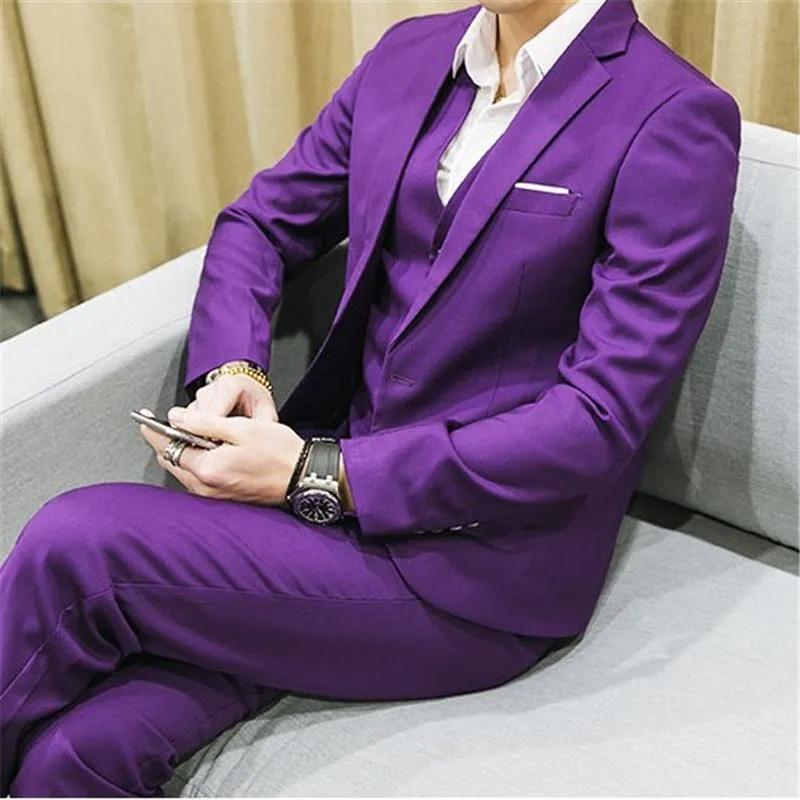 Mens Slim Fit wedding Suits three piece Groom formal Suit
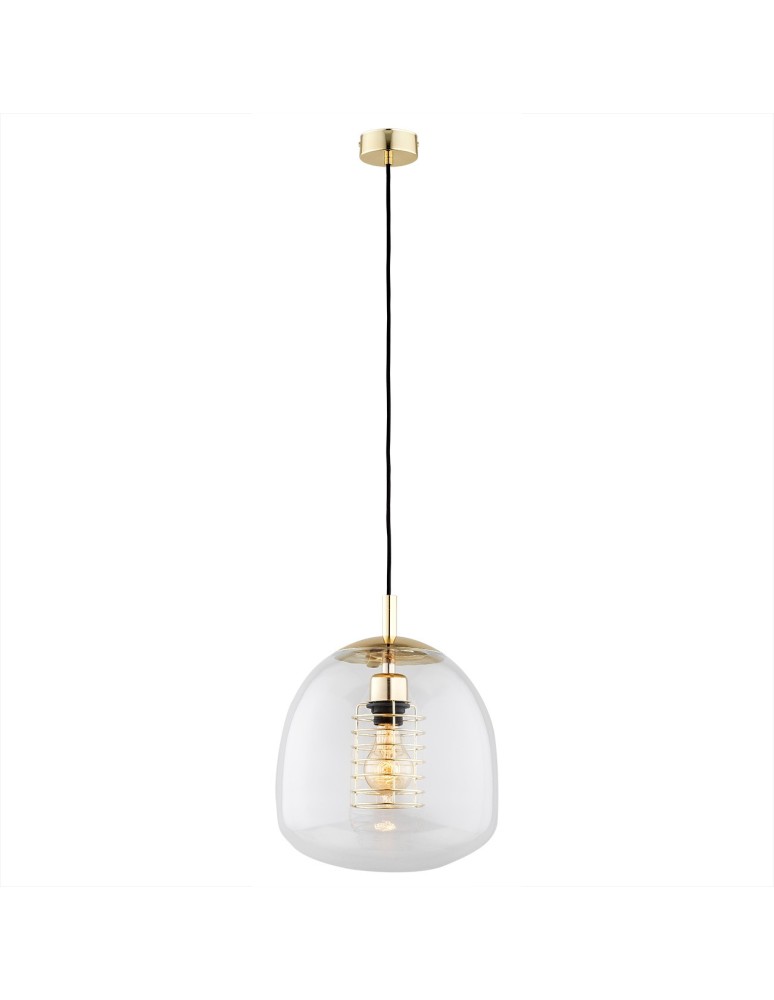 Single pendant lamps - Argon GLEN 1 fl. pendant lamp 1x15W (max) transparent brass elements 4739 - product kolory-swiatla.pl 1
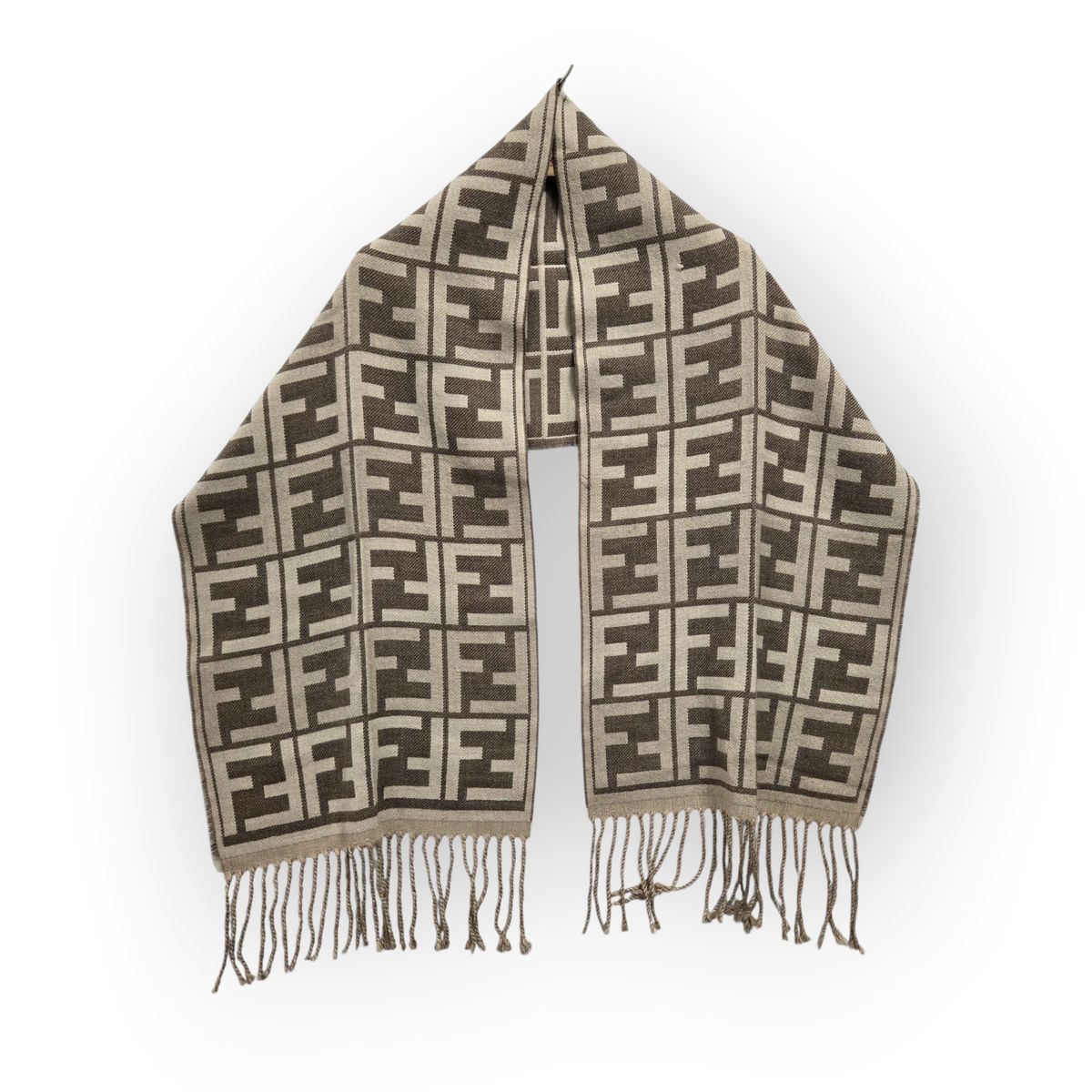 FENDI フェンディマフラー ズッカ柄 イタリア製 ウール100 希少］FENDI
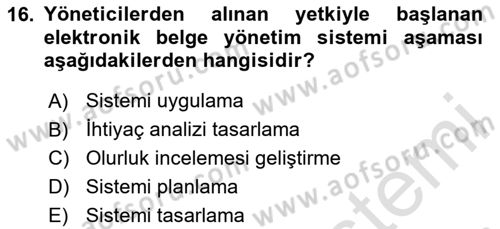 Dosyalama Arşivleme Dersi 2023 - 2024 Yılı Yaz Okulu Sınav Soruları 16. Soru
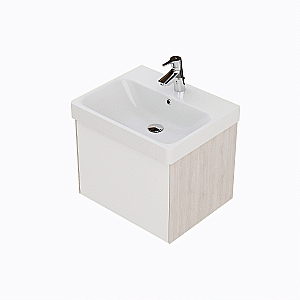 Тумба с раковиной Акватон Асти 55 белая глянцевая/ясень шимо для ванной в интернет-магазине Sanbest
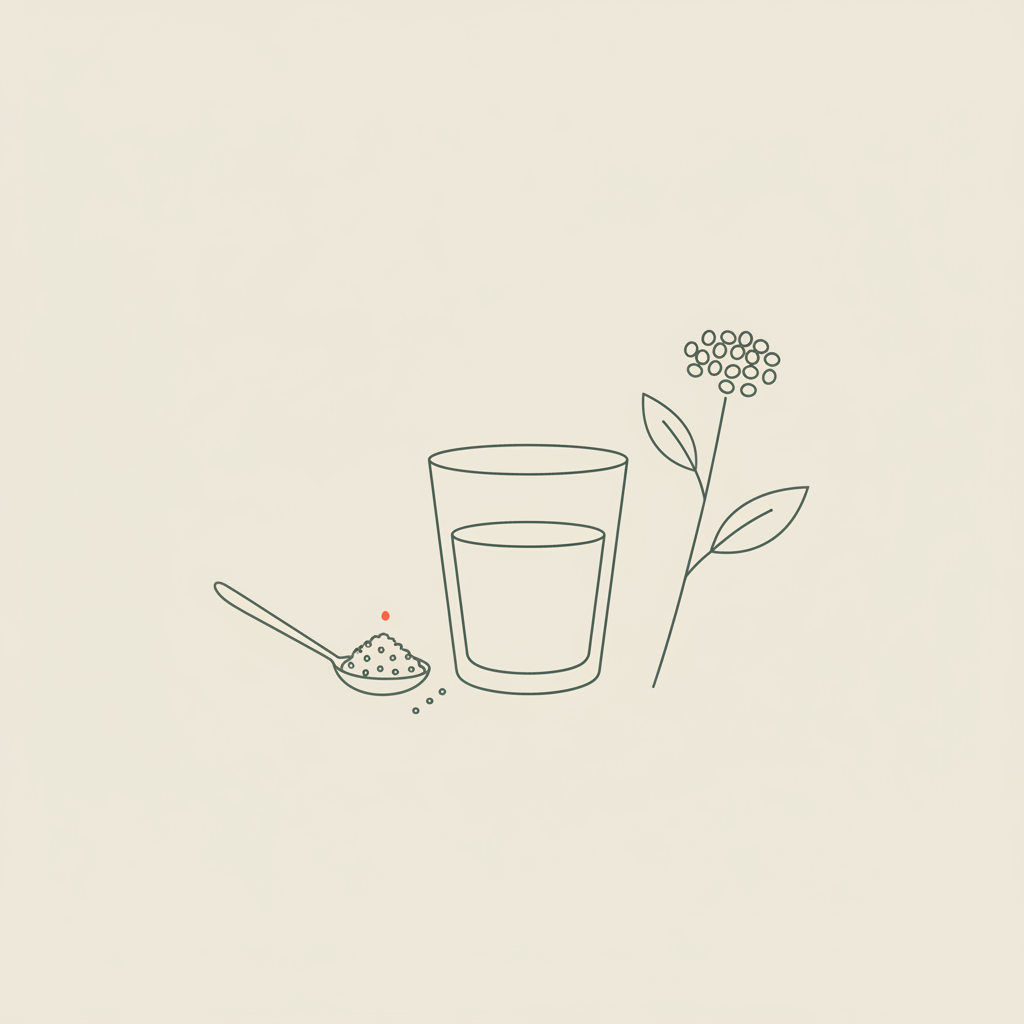 Minimal Tonum-style line illustration of a glass of water, teaspoon with psyllium seeds, and a stylized psyllium husk plant on a beige background — best time to take psyllium husk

*WHAT IS EXPECTED*.
The reply should hold every entry above, given again exactly, but not a single picture.

*EXERCISE RESPONSE*.
 Mens Slim Fit wedding Suits three piece Groom formal Suit
 Single pendant lamps - Argon GLEN 1 fl. pendant lamp 1x15W (max) transparent brass elements 4739 - product kolory-swiatla.pl 1
 FENDI フェンディマフラー ズッカ柄 イタリア製 ウール100 希少］FENDI
 Dosyalama Arşivleme Dersi 2023 - 2024 Yılı Yaz Okulu Sınav Soruları 16. Soru
 Тумба с раковиной Акватон Асти 55 белая глянцевая/ясень шимо для ванной в интернет-магазине Sanbest
 Minimal Tonum-style line illustration of a glass of water, teaspoon with psyllium seeds, and a stylized psyllium husk plant on a beige background — best time to take psyllium husk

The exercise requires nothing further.